__Your assignment__
Each record that follows must be given again without alteration.

Collected data:
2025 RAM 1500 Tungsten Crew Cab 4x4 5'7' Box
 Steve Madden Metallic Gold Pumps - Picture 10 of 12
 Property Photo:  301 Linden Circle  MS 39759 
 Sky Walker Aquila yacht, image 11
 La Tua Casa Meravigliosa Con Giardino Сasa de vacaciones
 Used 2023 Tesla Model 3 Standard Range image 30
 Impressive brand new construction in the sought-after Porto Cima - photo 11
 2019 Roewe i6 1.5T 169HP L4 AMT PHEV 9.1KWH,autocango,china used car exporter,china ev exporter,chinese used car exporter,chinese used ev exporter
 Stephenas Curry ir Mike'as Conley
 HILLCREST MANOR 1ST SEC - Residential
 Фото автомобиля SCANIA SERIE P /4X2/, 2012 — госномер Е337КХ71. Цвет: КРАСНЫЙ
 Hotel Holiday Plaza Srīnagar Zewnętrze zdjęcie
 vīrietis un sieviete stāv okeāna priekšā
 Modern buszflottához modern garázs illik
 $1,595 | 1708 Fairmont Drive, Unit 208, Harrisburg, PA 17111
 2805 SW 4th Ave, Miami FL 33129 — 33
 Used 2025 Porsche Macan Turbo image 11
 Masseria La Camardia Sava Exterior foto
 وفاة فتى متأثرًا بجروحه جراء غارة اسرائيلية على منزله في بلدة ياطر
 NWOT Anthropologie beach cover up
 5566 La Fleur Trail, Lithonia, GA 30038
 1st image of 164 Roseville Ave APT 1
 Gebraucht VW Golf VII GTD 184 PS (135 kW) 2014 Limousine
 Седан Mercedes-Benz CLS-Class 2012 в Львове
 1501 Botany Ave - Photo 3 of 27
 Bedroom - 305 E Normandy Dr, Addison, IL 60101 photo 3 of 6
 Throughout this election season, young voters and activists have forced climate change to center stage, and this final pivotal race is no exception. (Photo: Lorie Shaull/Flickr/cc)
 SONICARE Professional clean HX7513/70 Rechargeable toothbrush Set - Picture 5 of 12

__Response to the exercise__
2025 RAM 1500 Tungsten Crew Cab 4x4 5'7' Box
 Steve Madden Metallic Gold Pumps - Picture 10 of 12
 Property Photo:  301 Linden Circle  MS 39759 
 Sky Walker Aquila yacht, image 11
 La Tua Casa Meravigliosa Con Giardino Сasa de vacaciones
 Used 2023 Tesla Model 3 Standard Range image 30
 Impressive brand new construction in the sought-after Porto Cima - photo 11
 2019 Roewe i6 1.5T 169HP L4 AMT PHEV 9.1KWH,autocango,china used car exporter,china ev exporter,chinese used car exporter,chinese used ev exporter
 Stephenas Curry ir Mike'as Conley
 HILLCREST MANOR 1ST SEC - Residential
 Фото автомобиля SCANIA SERIE P /4X2/, 2012 — госномер Е337КХ71. Цвет: КРАСНЫЙ
 Hotel Holiday Plaza Srīnagar Zewnętrze zdjęcie
 vīrietis un sieviete stāv okeāna priekšā
 Modern buszflottához modern garázs illik
 $1,595 | 1708 Fairmont Drive, Unit 208, Harrisburg, PA 17111
 2805 SW 4th Ave, Miami FL 33129 — 33
 Used 2025 Porsche Macan Turbo image 11
 Masseria La Camardia Sava Exterior foto
 وفاة فتى متأثرًا بجروحه جراء غارة اسرائيلية على منزله في بلدة ياطر
 NWOT Anthropologie beach cover up
 5566 La Fleur Trail, Lithonia, GA 30038
 1st image of 164 Roseville Ave APT 1
 Gebraucht VW Golf VII GTD 184 PS (135 kW) 2014 Limousine
 Седан Mercedes-Benz CLS-Class 2012 в Львове
 1501 Botany Ave - Photo 3 of 27
 Bedroom - 305 E Normandy Dr, Addison, IL 60101 photo 3 of 6
 Throughout this election season, young voters and activists have forced climate change to center stage, and this final pivotal race is no exception. (Photo: Lorie Shaull/Flickr/cc)
 SONICARE Professional clean HX7513/70 Rechargeable toothbrush Set - Picture 5 of 12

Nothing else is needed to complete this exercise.